For sneakerheads and Carrie Bradshaw wannabes, buying the right footwear in the right size online can feel like guessing in the dark. Sizes differ drastically based on the brand, manufacturer, and country of origin. It’s a multi-billion-dollar problem—just think of the environmental and economic impact of all those products returns— and it’s something that founders Sophie Howe and Afiny Akdemir are hoping to solve with Xesto (pronounced zes-tō).
In 2020, the Canadian upstart launched an application, called Xesto Fit, that uses the special depth-sensing camera sensors found on Apple smartphones to scan a user’s foot and create an accurate digital 3-D replica that renders the actual foot dimensions. This can then be used as a reference to help shoppers find footwear that actually fits, taking the guesswork out of shoe shopping. “We really want to help people pick the right size and not have to worry,” says Howe, who serves as the company’s CEO.

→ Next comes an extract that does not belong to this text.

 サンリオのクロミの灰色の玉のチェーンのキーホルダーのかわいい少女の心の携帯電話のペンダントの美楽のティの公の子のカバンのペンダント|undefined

In short order, Xesto has earned praise from consumers, corporate clients, and major publications (like Vogue and TechCrunch). It has partnerships with Canadian-based retailer Grounded People, Momentum Footwear and a children’s shoe brand based in the U.K., and it was recently selected to join the prestigious New York Fashion Tech Lab.
Not bad for a pair of entrepreneurs who freely admit they are learning as they go. “My degree really didn’t even come close to preparing me for this world—and it was a business degree,” Howe says. “I feel I did a whole new business degree—a much more useful one—just from the experience of starting this company.”
While Xesto has benefited from some external support—including grants, subsidized office space and research collaborations with the University of Toronto—Howe has so far steadfastly avoided seed funding, preferring to develop Xesto’s product without the outside interference that can come with early-stage cash. “It’s a deliberate choice for us,” she says. “A lot of companies take way too much money way too early. Much of the research and technology that we’ve built may not have been able to be done right if we had taken money earlier.”
It’s a bold choice, one that may change as the company matures. But for now, it lets Howe and her team grow Xesto their own way—with their best foot forward.